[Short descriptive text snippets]

------

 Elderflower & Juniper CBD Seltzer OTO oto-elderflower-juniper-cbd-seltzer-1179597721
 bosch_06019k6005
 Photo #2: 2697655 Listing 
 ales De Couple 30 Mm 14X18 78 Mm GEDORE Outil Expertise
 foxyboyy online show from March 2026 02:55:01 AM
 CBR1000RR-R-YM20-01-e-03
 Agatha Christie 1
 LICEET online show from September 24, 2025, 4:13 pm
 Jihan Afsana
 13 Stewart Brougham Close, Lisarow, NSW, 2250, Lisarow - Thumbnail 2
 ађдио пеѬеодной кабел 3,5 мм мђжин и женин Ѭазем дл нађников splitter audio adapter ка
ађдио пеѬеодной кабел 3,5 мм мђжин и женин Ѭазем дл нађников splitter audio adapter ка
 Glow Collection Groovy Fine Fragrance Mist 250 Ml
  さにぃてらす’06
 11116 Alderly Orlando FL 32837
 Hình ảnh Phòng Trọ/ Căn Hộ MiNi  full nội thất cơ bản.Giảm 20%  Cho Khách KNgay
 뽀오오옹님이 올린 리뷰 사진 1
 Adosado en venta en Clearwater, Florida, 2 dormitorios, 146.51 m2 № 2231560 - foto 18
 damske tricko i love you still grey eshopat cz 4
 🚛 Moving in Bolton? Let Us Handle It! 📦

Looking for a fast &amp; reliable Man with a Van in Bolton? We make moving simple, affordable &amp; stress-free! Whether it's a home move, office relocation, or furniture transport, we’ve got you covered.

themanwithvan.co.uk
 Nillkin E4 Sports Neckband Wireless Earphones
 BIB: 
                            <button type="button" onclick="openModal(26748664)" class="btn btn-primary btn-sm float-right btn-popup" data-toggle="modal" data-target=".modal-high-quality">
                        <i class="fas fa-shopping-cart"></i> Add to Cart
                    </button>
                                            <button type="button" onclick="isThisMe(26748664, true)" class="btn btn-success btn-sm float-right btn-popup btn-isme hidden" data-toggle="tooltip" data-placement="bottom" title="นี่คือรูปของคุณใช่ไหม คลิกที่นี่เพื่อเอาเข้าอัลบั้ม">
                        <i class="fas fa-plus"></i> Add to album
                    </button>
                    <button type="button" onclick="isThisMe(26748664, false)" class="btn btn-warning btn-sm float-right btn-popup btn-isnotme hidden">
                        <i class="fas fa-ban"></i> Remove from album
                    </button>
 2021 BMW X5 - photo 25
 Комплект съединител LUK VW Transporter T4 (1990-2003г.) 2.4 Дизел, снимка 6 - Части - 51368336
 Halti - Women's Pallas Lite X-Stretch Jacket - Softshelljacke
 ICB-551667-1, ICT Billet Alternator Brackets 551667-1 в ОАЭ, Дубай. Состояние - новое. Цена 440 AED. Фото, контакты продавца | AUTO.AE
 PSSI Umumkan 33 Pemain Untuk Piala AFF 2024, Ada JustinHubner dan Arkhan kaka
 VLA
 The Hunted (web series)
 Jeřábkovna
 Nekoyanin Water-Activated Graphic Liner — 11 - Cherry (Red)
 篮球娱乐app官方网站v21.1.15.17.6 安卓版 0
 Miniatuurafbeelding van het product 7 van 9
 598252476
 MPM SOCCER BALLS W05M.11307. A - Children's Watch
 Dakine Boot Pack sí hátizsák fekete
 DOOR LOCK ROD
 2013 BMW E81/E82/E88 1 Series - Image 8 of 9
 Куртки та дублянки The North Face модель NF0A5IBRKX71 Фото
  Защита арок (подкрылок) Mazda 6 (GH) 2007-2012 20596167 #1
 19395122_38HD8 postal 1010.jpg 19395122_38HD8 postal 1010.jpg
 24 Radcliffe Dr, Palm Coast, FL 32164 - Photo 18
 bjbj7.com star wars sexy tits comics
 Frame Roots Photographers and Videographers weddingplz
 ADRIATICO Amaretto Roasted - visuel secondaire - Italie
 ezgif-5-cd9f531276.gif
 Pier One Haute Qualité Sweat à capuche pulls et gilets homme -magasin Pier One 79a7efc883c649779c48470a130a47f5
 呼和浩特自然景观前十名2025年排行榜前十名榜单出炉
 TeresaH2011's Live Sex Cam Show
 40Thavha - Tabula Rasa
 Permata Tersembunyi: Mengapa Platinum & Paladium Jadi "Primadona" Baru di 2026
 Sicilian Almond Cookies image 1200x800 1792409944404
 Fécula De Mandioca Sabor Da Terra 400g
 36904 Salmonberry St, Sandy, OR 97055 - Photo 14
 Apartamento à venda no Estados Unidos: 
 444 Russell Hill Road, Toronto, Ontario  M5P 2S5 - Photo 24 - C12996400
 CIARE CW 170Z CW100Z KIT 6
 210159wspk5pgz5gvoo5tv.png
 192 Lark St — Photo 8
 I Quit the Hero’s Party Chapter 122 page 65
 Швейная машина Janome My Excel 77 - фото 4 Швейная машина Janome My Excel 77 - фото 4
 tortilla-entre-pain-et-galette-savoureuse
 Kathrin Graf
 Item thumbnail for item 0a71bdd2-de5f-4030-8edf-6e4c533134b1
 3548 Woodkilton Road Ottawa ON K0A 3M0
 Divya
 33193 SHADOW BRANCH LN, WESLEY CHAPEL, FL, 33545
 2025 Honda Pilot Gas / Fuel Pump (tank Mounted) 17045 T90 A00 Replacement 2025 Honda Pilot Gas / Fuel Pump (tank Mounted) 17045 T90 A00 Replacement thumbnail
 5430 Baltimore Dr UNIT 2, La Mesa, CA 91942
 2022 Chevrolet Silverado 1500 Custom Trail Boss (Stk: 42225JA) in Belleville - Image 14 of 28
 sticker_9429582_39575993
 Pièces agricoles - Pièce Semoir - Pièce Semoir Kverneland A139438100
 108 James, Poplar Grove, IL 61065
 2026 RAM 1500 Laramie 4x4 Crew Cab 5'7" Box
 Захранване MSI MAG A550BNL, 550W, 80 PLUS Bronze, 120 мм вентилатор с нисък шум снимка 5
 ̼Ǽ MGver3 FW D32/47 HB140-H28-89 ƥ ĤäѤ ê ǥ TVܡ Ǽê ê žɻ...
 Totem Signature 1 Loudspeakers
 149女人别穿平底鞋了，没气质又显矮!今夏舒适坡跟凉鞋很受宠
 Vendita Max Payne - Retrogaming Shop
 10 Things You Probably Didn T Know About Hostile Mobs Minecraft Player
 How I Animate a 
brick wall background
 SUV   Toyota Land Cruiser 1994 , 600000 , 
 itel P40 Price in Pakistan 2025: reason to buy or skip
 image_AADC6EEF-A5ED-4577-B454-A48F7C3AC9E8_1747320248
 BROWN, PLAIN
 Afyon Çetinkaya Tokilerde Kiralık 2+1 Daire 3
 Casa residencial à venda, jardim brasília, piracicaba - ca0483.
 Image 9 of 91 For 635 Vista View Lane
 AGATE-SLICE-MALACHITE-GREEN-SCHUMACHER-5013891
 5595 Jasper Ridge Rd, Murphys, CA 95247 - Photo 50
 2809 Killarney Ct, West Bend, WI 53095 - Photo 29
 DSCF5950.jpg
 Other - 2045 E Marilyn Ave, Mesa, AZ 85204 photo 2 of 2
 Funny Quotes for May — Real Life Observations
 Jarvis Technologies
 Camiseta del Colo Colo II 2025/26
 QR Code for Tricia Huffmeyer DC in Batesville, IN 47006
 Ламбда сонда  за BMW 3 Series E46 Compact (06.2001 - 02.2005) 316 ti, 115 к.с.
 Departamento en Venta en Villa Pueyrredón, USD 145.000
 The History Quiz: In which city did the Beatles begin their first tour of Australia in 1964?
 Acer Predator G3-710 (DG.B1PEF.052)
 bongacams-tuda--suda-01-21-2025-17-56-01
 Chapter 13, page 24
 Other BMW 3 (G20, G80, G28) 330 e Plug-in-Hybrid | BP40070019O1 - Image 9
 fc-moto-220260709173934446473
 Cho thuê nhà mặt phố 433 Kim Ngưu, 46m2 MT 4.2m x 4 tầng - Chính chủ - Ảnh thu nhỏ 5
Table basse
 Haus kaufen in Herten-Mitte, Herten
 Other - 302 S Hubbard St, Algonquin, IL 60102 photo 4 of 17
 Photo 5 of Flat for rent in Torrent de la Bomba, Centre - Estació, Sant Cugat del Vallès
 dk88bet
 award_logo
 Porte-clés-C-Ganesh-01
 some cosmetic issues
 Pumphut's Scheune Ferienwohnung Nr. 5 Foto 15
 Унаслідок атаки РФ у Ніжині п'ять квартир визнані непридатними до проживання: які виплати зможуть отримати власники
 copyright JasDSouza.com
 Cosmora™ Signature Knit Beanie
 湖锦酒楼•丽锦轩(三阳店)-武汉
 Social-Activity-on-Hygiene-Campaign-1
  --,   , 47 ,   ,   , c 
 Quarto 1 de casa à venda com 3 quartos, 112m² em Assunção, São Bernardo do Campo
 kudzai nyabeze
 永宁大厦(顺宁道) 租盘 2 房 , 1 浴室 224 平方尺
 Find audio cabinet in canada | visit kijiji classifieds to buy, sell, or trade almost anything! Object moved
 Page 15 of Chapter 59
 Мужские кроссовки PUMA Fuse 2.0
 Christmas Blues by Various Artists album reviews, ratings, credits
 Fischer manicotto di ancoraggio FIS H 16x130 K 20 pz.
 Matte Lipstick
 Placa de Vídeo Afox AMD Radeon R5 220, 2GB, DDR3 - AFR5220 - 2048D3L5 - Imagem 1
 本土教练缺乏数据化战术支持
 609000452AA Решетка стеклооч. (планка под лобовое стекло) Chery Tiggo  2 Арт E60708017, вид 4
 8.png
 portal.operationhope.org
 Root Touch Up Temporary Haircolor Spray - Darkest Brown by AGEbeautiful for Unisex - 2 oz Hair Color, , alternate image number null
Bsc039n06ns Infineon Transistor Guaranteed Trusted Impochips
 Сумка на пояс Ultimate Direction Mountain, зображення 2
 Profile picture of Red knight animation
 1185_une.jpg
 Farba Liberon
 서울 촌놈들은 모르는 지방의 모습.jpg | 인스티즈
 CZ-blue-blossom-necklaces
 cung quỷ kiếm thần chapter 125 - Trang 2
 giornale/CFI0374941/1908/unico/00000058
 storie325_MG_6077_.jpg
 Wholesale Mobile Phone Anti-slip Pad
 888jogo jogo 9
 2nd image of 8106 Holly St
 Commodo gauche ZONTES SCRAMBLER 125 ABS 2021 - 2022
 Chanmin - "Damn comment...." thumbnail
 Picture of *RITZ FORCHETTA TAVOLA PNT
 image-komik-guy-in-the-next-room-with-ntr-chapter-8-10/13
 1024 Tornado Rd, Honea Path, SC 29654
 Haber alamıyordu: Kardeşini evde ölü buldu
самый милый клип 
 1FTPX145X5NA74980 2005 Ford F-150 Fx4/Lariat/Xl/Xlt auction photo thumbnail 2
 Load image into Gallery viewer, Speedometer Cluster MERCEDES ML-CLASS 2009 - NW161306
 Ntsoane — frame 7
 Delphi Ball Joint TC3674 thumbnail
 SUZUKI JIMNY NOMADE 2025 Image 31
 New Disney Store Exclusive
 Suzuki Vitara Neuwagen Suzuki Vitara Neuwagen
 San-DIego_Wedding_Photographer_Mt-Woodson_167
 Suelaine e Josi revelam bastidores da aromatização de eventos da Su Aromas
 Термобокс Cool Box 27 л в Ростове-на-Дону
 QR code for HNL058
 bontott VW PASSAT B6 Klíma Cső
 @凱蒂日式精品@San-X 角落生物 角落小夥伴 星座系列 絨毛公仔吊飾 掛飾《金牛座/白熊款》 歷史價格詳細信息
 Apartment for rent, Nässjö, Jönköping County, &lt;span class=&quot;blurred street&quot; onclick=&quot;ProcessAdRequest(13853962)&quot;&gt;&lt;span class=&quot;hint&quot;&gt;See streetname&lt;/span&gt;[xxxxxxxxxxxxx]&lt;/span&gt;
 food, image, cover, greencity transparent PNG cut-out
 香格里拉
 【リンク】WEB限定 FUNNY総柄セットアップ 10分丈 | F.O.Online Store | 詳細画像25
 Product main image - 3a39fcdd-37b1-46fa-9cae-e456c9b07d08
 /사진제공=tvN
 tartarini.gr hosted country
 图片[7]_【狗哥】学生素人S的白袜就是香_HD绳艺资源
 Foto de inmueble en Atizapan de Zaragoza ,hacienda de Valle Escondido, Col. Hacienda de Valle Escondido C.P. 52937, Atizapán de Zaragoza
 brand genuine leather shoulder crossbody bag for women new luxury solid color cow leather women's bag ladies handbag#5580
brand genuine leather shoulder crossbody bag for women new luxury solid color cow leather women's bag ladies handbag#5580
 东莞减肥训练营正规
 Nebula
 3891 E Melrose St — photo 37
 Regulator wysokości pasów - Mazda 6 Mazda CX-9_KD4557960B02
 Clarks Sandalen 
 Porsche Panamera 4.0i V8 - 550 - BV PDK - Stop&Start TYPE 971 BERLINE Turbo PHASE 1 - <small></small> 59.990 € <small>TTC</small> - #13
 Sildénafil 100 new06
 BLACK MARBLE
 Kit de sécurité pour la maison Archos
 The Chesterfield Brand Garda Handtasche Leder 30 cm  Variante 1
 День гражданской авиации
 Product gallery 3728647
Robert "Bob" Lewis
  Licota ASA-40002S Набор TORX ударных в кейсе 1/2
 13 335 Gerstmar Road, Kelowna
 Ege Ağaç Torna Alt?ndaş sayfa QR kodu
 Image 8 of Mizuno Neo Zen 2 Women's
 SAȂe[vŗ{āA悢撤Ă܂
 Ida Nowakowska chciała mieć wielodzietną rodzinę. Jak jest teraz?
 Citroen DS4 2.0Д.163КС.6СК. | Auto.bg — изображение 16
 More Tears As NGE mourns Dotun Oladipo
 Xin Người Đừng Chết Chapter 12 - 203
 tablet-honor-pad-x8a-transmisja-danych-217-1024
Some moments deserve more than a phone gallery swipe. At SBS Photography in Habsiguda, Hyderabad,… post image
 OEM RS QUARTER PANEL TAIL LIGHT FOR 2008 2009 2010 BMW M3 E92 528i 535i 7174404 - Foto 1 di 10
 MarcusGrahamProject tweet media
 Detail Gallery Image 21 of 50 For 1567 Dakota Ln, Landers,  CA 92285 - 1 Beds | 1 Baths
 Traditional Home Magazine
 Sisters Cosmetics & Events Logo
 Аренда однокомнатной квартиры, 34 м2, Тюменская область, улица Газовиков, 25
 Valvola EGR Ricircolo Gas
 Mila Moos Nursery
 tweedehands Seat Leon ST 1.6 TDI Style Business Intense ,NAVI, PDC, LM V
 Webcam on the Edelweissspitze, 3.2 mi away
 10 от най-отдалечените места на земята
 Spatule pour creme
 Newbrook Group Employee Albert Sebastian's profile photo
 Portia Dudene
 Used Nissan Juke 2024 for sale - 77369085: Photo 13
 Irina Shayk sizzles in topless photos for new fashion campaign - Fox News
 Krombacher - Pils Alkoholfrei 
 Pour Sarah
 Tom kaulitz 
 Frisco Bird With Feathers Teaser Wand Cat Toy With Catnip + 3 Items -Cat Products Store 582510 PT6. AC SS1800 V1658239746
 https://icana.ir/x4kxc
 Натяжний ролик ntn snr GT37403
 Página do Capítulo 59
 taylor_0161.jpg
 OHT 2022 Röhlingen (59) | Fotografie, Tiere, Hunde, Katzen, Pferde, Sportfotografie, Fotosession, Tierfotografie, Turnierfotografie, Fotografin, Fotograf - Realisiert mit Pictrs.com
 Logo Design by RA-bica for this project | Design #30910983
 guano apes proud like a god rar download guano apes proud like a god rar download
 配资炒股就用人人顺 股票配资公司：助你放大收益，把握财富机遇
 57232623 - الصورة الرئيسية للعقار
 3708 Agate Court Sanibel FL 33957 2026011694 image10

------

- Your assignment
Of the lines above, output exactly those from the line bearing "itel P40 Price" through the line bearing "ti, 115 к.с.", inclusive.

- Solution below
 itel P40 Price in Pakistan 2025: reason to buy or skip
 image_AADC6EEF-A5ED-4577-B454-A48F7C3AC9E8_1747320248
 BROWN, PLAIN
 Afyon Çetinkaya Tokilerde Kiralık 2+1 Daire 3
 Casa residencial à venda, jardim brasília, piracicaba - ca0483.
 Image 9 of 91 For 635 Vista View Lane
 AGATE-SLICE-MALACHITE-GREEN-SCHUMACHER-5013891
 5595 Jasper Ridge Rd, Murphys, CA 95247 - Photo 50
 2809 Killarney Ct, West Bend, WI 53095 - Photo 29
 DSCF5950.jpg
 Other - 2045 E Marilyn Ave, Mesa, AZ 85204 photo 2 of 2
 Funny Quotes for May — Real Life Observations
 Jarvis Technologies
 Camiseta del Colo Colo II 2025/26
 QR Code for Tricia Huffmeyer DC in Batesville, IN 47006
 Ламбда сонда  за BMW 3 Series E46 Compact (06.2001 - 02.2005) 316 ti, 115 к.с.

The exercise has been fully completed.